Kiai Hasyim memang banyak menulis karya bernuansa fikih namun sejauh ini belum ditemukan karya sastranya. Meski demikian, pendiri NU itu juga menaruh perhatian khusus dalam dunia sastra. Salah satunya seperti yang pernah diceritakan Kiai Mushlih Mranggen, ketika negeri ini dilanda paceklik (kemarau panjang) Kiai Hasyim menganjurkan kepada para santri dan masyarakat membaca kasidah ‘Ya Rahmatallahi Zuri’. Anjuran membaca puisi 47 bait berbahasa Arab karya Habib Abdullah Al-Haddad itu pun membuahkan hasil yang diharapkan.

KH Achmad Shiddiq yang juga murid Kiai Hasyim, menyusun kitab Tanwir al-Hija yang merupakan nadham (puisi berbahasa Arab) atas kitab fikih buah pena Syaikh Salim al-Hadrami berjudul Safinah al-Naja. Karya semacam inilah yang penulis sebut sebagai ‘fikih sastrawi’ di mana pasal-pasal hukum Islam (fikih) disusun bukan dengan metode narasi deskriptif pada umumnya, melainkan berupa nadham yang hanya bisa dikarang oleh mereka yang memiliki dzauq syair atau jiwa kesastraan yang tinggi.

Kitab nadham Kiai Achmad Shiddiq ini menjadi fenomenal karena seorang ulama bermadzhab Maliki di Makkah, Syaikh Muhammad Ali al-Maliki,  mengapresiasinya dengan menyusun anotasi (syarah/kitab penjelas) berjudul Inarah al-Duja. Kitab itu dicetak dan didistribusikan luas di Timur Tengah, Afrika dan Asia Tenggara.

Senada dengan itu, Kiai Ma’shum Siradj asal Cirebon juga menyusun karya fikih sastrawi bertajuk Nail al-Raja. Kitab nadham tersebut disyarahi oleh Dr KH MA Sahal Mahfudz berjudul Faidh al-Hija dan mendapat taqridz (endorsement) dari guru beliau al-Allamah KH Zubair Dahlan ayahanda Kiai Maimoen Zubair, Sarang, Rembang.

Seorang waliyullah dari Pasuruan, Kiai Abdul Hamid, ternyata juga menggubah nadham yang diadaptasi dari Sullam al-Taufiq, sebuah kitab fikih bercorak sufistis ghazalian karya Sayyid Abdullah bin Husain Ba’alawi. Tak hanya di Pasuruan, kitab ini banyak dijadikan sebagai materi wajib di berbagai pesantren, seperti salah satunya Pesantren Darussalam, Blogagung, Banyuwangi.

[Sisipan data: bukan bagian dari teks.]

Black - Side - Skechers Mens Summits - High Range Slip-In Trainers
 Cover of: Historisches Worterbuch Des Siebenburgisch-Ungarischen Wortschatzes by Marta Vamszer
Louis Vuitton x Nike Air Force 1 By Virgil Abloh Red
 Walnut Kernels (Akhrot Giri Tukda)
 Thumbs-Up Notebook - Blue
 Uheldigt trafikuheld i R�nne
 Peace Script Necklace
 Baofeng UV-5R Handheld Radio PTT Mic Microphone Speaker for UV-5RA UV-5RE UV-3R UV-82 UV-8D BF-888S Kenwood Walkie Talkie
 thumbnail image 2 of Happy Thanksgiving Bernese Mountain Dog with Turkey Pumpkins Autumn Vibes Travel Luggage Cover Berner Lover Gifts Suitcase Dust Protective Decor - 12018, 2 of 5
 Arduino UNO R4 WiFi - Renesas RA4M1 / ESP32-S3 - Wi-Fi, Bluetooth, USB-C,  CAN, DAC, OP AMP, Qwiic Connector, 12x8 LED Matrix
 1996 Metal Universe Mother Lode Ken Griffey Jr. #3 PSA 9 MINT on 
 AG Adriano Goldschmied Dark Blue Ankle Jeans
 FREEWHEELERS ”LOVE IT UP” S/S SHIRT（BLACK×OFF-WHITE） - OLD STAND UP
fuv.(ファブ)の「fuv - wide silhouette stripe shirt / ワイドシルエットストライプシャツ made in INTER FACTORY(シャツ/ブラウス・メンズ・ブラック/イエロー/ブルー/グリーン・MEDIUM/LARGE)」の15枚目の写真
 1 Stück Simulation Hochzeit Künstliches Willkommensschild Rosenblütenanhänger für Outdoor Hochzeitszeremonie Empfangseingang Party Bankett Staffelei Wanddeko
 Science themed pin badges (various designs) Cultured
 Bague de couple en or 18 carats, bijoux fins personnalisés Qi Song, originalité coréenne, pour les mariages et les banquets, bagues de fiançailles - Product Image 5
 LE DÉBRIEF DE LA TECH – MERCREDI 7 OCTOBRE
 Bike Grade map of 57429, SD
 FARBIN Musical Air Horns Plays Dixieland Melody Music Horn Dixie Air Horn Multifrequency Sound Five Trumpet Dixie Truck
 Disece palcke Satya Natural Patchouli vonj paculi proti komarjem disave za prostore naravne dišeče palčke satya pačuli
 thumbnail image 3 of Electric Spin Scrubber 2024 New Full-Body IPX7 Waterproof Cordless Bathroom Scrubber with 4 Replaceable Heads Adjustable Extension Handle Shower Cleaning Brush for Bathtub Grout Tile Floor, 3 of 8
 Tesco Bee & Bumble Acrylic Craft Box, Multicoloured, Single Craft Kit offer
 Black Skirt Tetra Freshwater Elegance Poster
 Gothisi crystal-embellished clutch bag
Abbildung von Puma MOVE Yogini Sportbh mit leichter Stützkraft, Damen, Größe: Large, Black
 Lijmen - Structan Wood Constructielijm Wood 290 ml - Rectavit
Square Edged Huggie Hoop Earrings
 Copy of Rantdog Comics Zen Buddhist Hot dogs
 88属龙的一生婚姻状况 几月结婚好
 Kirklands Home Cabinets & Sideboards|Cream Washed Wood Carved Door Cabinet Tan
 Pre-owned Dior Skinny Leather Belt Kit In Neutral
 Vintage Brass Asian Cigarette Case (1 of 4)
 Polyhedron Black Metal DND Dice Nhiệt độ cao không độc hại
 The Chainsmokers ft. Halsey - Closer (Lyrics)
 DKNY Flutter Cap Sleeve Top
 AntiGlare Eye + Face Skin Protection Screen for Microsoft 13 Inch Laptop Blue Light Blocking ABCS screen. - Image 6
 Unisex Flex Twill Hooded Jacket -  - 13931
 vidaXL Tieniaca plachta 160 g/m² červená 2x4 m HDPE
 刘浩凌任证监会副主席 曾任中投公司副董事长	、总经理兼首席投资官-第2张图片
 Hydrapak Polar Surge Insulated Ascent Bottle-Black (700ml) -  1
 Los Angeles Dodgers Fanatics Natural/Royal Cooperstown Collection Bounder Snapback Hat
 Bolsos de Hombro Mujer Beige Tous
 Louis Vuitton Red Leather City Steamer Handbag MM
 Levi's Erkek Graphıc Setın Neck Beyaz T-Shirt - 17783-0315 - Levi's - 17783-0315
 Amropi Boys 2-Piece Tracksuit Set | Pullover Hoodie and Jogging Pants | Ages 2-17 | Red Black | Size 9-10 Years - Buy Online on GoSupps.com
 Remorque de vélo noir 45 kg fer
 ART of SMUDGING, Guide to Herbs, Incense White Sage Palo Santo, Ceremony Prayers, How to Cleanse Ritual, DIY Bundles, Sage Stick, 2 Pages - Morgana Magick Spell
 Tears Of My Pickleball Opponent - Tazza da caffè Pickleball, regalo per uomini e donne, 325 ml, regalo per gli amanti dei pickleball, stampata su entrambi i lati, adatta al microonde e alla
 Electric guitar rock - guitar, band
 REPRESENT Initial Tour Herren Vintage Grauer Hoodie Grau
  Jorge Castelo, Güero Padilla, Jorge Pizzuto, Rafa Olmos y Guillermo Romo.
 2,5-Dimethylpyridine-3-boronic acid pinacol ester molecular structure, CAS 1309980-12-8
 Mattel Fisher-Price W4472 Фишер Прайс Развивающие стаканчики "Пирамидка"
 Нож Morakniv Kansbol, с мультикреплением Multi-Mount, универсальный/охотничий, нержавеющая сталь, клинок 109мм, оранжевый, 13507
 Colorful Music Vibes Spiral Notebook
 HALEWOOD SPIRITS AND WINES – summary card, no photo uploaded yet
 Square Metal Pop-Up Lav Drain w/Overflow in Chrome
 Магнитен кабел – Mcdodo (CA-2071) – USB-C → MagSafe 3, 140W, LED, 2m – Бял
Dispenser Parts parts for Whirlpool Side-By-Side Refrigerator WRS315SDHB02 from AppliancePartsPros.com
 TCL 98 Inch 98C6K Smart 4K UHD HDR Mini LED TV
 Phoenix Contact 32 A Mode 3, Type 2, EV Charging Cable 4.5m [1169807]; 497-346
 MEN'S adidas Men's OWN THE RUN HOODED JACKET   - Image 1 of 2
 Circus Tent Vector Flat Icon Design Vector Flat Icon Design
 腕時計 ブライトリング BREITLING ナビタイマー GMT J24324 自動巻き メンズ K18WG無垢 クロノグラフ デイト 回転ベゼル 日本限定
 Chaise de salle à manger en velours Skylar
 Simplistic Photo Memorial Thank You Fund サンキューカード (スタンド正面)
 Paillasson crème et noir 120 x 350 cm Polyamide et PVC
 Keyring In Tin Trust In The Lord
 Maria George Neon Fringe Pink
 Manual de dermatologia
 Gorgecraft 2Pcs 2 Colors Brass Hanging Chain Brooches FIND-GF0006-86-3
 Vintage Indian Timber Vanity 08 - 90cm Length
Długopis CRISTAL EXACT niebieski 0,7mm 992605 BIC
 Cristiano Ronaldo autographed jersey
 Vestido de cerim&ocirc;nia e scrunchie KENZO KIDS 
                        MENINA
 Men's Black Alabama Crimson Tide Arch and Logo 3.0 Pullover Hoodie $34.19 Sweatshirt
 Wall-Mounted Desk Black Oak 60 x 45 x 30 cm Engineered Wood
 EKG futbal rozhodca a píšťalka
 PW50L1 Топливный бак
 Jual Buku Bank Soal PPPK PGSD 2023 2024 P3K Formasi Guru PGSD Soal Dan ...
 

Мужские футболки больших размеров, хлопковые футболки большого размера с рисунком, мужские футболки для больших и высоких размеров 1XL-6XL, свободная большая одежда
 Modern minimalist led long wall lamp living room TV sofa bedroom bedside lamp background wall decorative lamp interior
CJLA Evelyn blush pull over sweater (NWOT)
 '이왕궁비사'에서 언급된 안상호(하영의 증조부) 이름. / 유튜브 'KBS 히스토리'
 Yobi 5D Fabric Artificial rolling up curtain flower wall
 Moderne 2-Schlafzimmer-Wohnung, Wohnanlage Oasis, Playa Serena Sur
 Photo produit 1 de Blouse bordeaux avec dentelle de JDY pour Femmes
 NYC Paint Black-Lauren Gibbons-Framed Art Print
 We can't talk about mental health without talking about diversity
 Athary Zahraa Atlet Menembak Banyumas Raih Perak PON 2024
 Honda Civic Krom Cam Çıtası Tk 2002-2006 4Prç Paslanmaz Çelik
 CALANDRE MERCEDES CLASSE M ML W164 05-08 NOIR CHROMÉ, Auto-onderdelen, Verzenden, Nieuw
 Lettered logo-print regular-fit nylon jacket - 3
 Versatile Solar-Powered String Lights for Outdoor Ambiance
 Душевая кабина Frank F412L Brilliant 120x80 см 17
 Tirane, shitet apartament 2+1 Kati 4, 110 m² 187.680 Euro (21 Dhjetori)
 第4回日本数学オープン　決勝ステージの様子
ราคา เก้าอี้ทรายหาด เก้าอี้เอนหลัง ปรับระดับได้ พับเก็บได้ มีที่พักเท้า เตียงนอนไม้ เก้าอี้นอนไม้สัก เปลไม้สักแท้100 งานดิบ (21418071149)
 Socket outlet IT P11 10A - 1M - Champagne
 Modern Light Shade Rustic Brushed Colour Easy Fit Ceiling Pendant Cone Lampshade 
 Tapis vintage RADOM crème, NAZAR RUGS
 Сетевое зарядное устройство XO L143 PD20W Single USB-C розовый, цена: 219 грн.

Baru-baru ini penulis mendapat kiriman kitab dari putra Kiai Shadiq Hamzah berupa beberapa kitab karya sang ayah. Salah satu kitab itu berupa nadham berjudul Durar al-Qayyimah. Meski belum tersebar luas, kitab karya kiai asal Demak itu rencananya  akan ditahqiq terlebih dahulu.

Di luar kitab-kitab yang penulis sebutkan di atas, masih banyak kitab nadham yang ditulis oleh ulama Nusantara. Karya-karya itu menunjukkan bahwa ulama kita memiliki disiplin keilmuan yang tinggi, terutama dalam kajian fikih dan sastra, yang tak kalah dibanding dengan ulama luar. Sebab, karya berupa fikih sastrawi pun bisa dihitung, seperti yang termasyhur al-Zubad karya Ibnu Ruslan yang dijuluki sebagai ‘al-Fiyah kedua setelah Al-Fiyah Imam Ibnu Malik karena berjumlah seribu bait.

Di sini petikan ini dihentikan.